Here you get a similar summary as before, all that had to be done was a simple aggregate plugin be written and distributed with your clients.

The results are shown as above using printrpcstats but you can also get access to the raw data so you can decide to render it in some other way - perhaps using a graph on a web interface.

We provide a number of aggregate plugins with MCollective and anyone can write more.

For examples that already use functions see the rpcutil agent - its collective_info, get_fact, daemon_stats and get_config_item actions all have summaries applied.

NOTE: This feature is available since version 2.1.0

Using existing plugins

Updating the DDL

At present MCollective supplies 3 plugins average(), summary() and sum() you can use these in any agent, here is an example from the rpcutil agent DDL file:

action "get_config_item", :description => "Get the active value of a specific config property" do
    output :value,
           :description => "The value that is in use",
           :display_as => "Value"

    summarize do
        aggregate summary(:value)
    end
end

We’ve removed a few lines from this example DDL block leaving only the relevant lines.

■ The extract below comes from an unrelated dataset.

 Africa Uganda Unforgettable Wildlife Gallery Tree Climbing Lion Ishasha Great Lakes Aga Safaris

You can see the agent outputs data called :value and we reference that output in the summary function summary(:value), the result would look like this:

Viewing summaries on the CLI

% mco rpc rpcutil get_config_item item=collectives
.
.
dev8
   Property: collectives
      Value: ["mcollective", "uk_collective"]

Summary of Value:

      mcollective = 25
    uk_collective = 15
    fr_collective = 9
    us_collective = 1

Finished processing 25 / 25 hosts in 349.70 ms

You can see that the value in this case contains arrays, the summary() function produce the table in the output showing the data distribution.

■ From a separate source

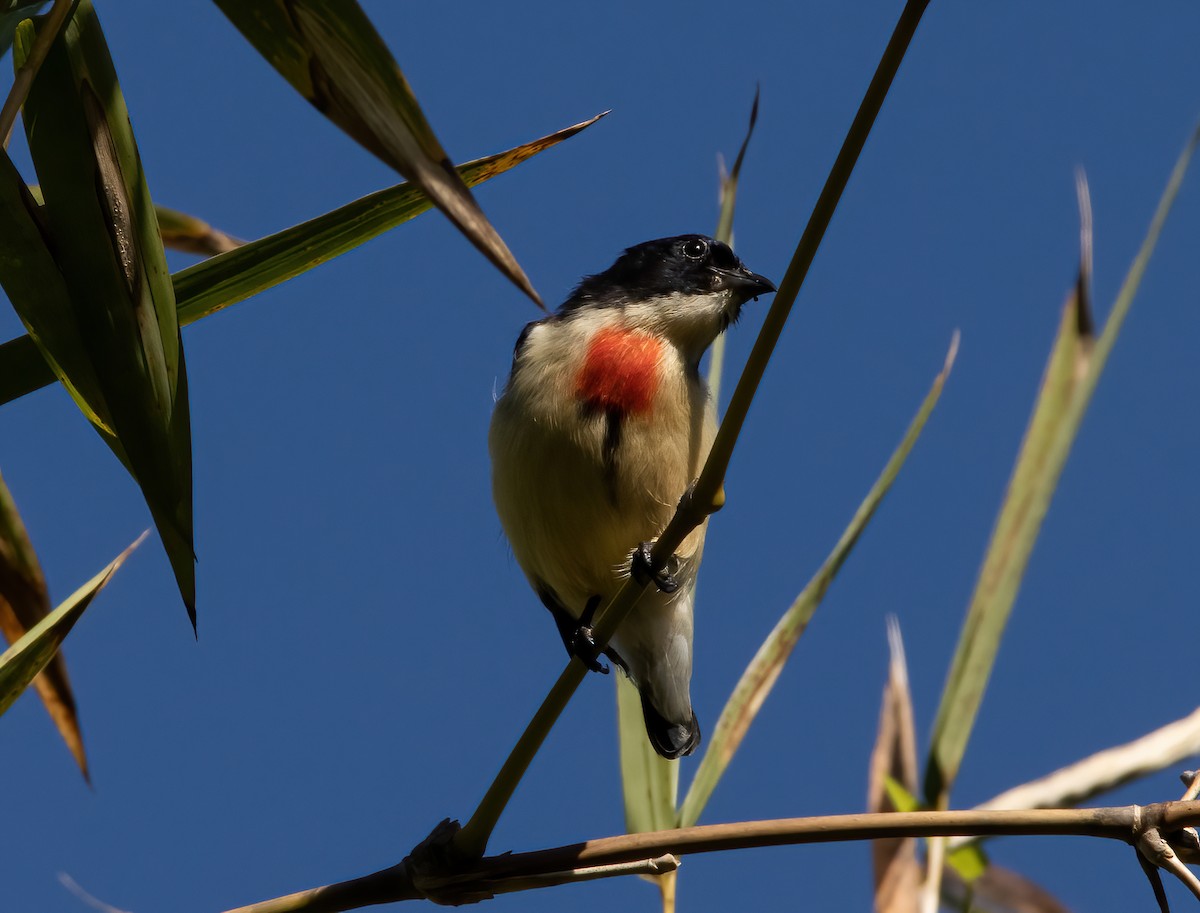 Blood-breasted Flowerpecker (Timor) - ML458054711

Producing summaries in your own clients

You can enable the same display in your own code, here is ruby code that has the same affect as the CLI call above:

require 'mcollective'

include MCollective::RPC

c = rpcclient("rpcutil")

printrpc c.get_config_item(:item => "collectives")

printrpcstats :summarize => true

Without passing in the :summarize => true you would not see the summaries

Getting access to the raw summary results

If you wanted to do something else entirely like produce a graph on a web page of the summaries you can get access to the raw data, here’s some ruby code to show all computed summaries:

require 'mcollective'

include MCollective::RPC

c = rpcclient("rpcutil")
c.progress = false

c.get_config_item(:item => "collectives")

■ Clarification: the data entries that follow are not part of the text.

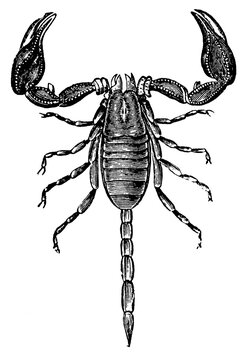 Carpathian scorpion (Euscorpius carpathicus), detailed vintage engraving.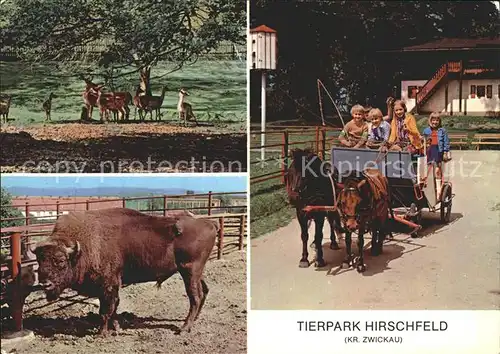Hirschfeld Zwickau Tierpark Hirschfeld Damwildgehege Wisent Tip Pony Rundfahrt Kat. Hirschfeld Zwickau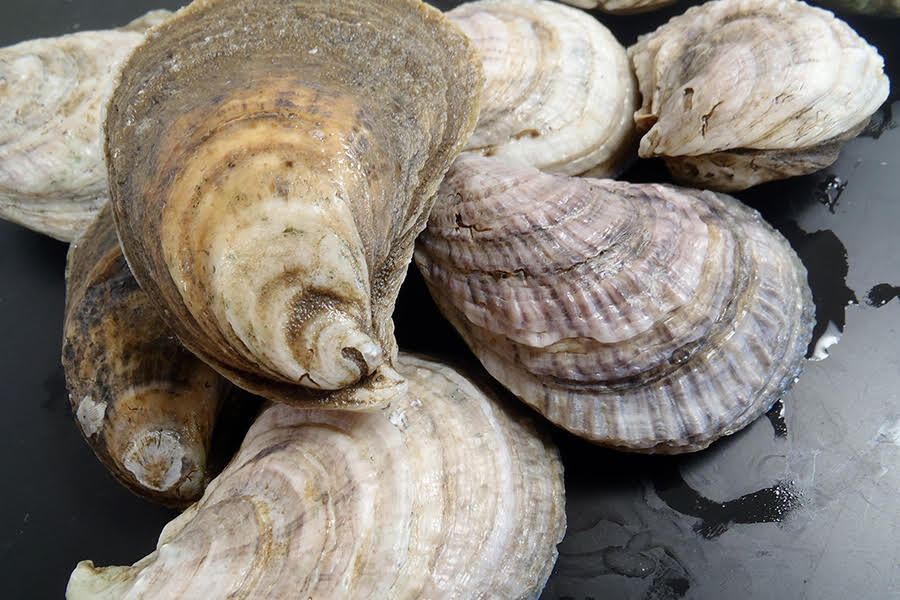 Oysters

c.stats.aggregate_summary.each do |summary|
  puts "Summary of type: %s" % summary.result_type
  puts "Display format: '%s'" % summary.aggregate_format
  puts
  pp summary.result
end

As you can see you will get an array of summaries this is because each DDL can use many aggregate calls, this would be an array of all the computed summaries:

Summary of type: collection
Display format: '%13s = %s'

{:type=>:collection,
 :value=>
  {"mcollective"=>25,
   "fr_collective"=>9,
   "us_collective"=>1,
   "uk_collective"=>15},
 :output=>:value}

There are 2 types of result :collection and :numeric, in the case of numeric results the :value would just be a number.

The aggregate_format is either a user supplied format or a dynamically computed format to display the summary results on the console. In this case each pair of the hash should be displayed using the format to produce a nice right justified list of keys and values.

Writing your own function

We’ll cover writing your own function by looking at the Nagios one from earlier in this example. You can look at the functions supplied with MCollective for more examples using other types than the one below.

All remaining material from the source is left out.